A new case study on how women navigate work culture highlights a need for companies to reward non-masculine styles of leadership and contribution. Researchers found that women consciously ditched advice to “act more like a man” because it generated more negatives than positives.
The Study
Stanford University researchers spent two years interviewing middle to upper-class white women in a professional development program at a 10,000+ employee nonprofit organization. The team’s goal was to uncover how the company’s work culture created, impacted, or propagated gender inequities. They interviewed 86 women and observed discussion groups and professional development meetings.
The study participants described lose-lose, catch-22 consequences of adopting traditionally masculine work behaviors. Becoming ultra-assertive, speaking authoritatively and interjecting at meetings tended to generate negative reinforcement such as criticism, social pressure and backlash — at work and at home. What’s more, the very behaviors they were coached to adopt felt inauthentic and unsatisfying, so the women opted for a different approach.
A More Authentic Strategy
These women adopted a leadership and contribution style that researchers dubbed “intentional invisibility.” Intentional invisibility does not mean shirking job responsibilities or being unproductive — quite the contrary, in fact. These women were creating highly productive work groups and directly facilitating company success, and they were doing it quietly. They focused more on creating positive relationships and avoiding conflict than standing out individually, a work style that is not explicitly recognized or rewarded as leadership by their companies — hence, they became “invisible.”
By adopting such an approach, the women recognized they might be sacrificing potential career advancement, but they were willing to do so for the stability it offered them.
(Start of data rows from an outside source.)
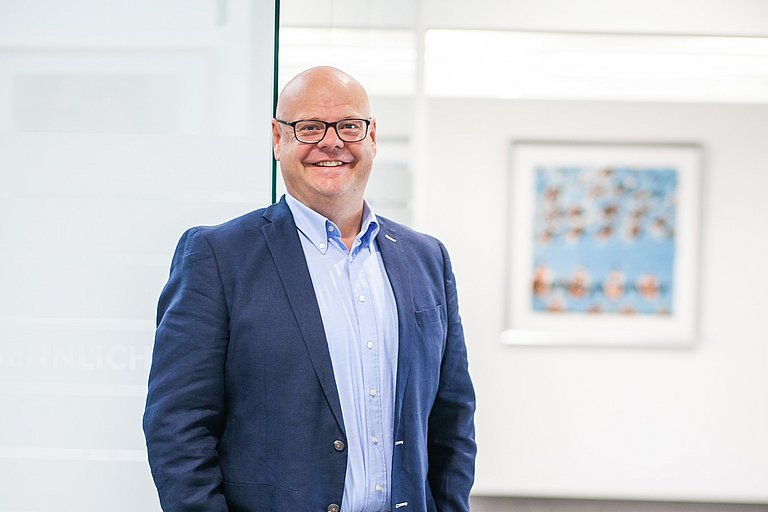 Peter Doblhammer, Geschäftsführer von HENNLICH Österreich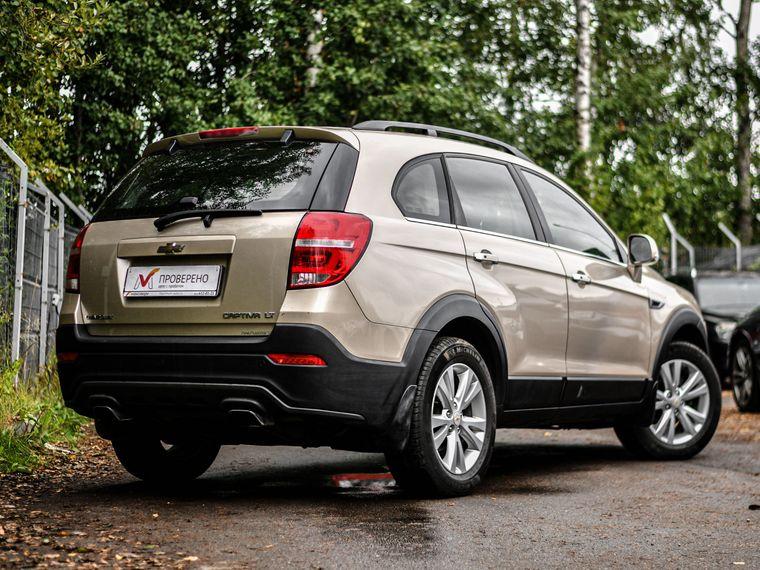 Chevrolet Captiva,  - вид 1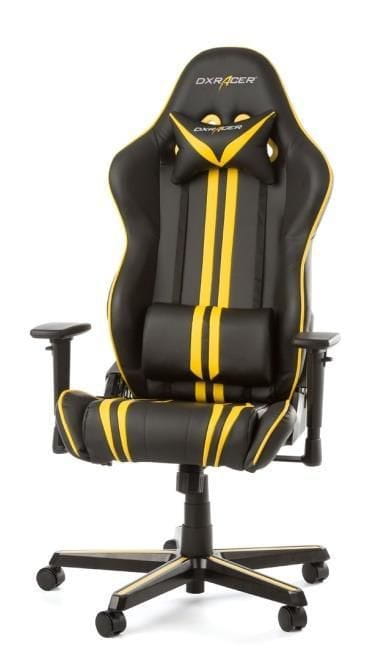 Gaming Chairs DXRacer Racing GC-R9 / Yellow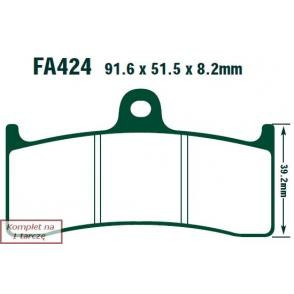 Klocki Ham. Moto. Honda Cb 1300 Fw/Fx/Fy (Sc40) (98-00) 247253 EBCFA424 foto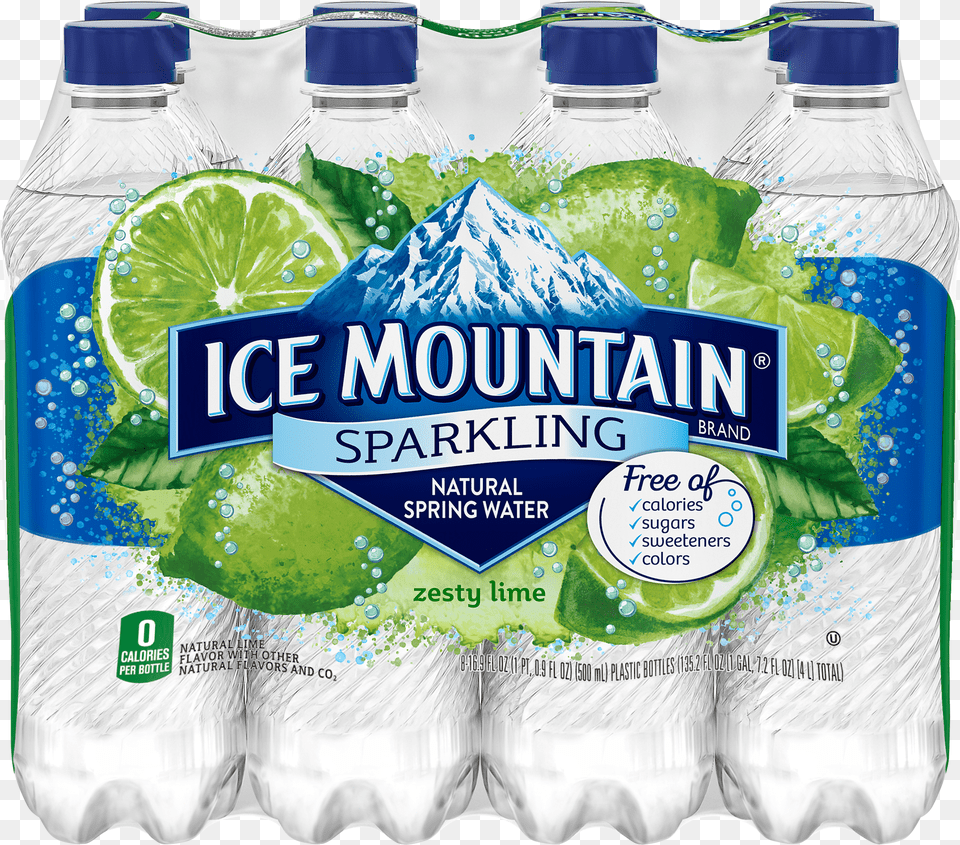 Ice Mountain Sparkling Water Lemon Lime, Envelope, Greeting Card, Mail, Leaf Png Image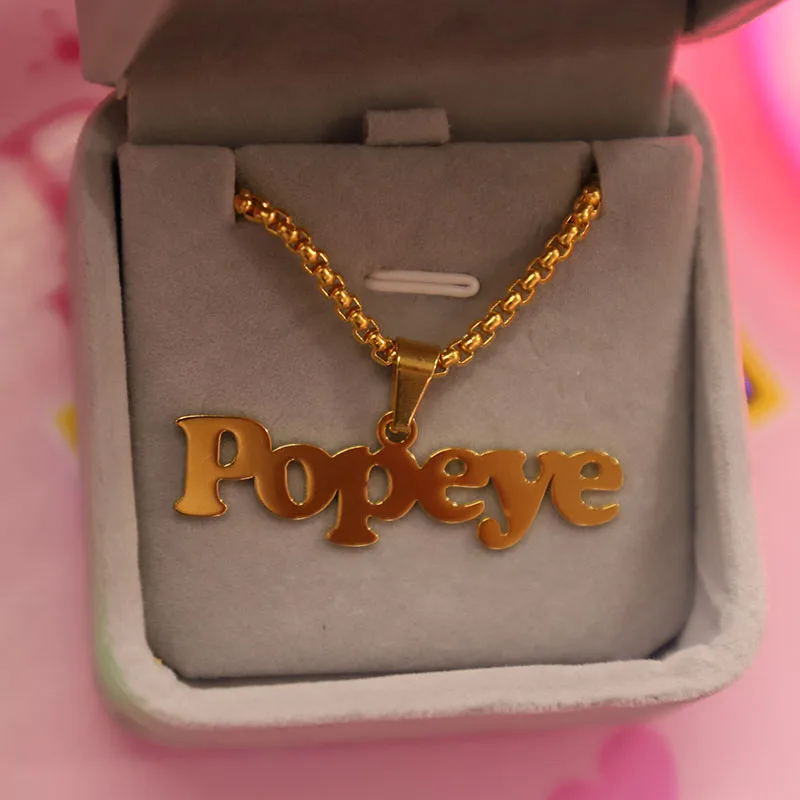 Customized Necklaces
Interviewees chose the invisibility tactic rather than “acting more like a man” in order to avoid both backlash from coworkers and social pressures to revert to more traditionally feminine behaviors. For companies working to recruit and retain women in the workforce, this is a powerful insight.
What Needs to be Done
Who would want their best and brightest women employees feeling this way about their careers? At InHerSight, our goal is to advance women in the workforce, which is why we felt it was important to draw attention to this study. The findings clearly point to changes corporations can make to better support women employees — and reap the benefits of workforce diversity.
Equally crucial for corporations working to create family-friendly jobs, study participants reported that the under-the-radar approach also made it easier for them to juggle non-work demands such as caring for family members.
“Organizations just have to start better accounting for the fact that women continue to take on significant second-shift/work-life responsibilities and that their personal-life-influenced professional decisions might look different than some norm of an omnipresent ideal worker,” said sociologist Swethaa Ballakrishnen..
“The response to this study has confirmed that this is not just about one organization or setting,” Balakrishnen said. “The takeaway from this research is not to ask women to change themselves in certain ways to fit better into the organizations they are embedded in. The inequity in organizational visibility is not a problem that women have to fix for themselves. It is organizations that need to better commit to creating a level playing field.”
The Takeaway? Do Better, Companies
Women want to make a good living and advance their careers just like their male counterparts, but emulating male behaviors should not be considered the only path to success. Call it a bias, a blind spot, or a well-meaning but outdated tradition — this popular mentoring advice isn’t working.
Organizations seeking to establish gender parity in their workplaces must re-evaluate what they consider a successful working style. They must make a point of recognizing the successes that go on behind the scenes instead of only rewarding workers who speak up the loudest at meetings.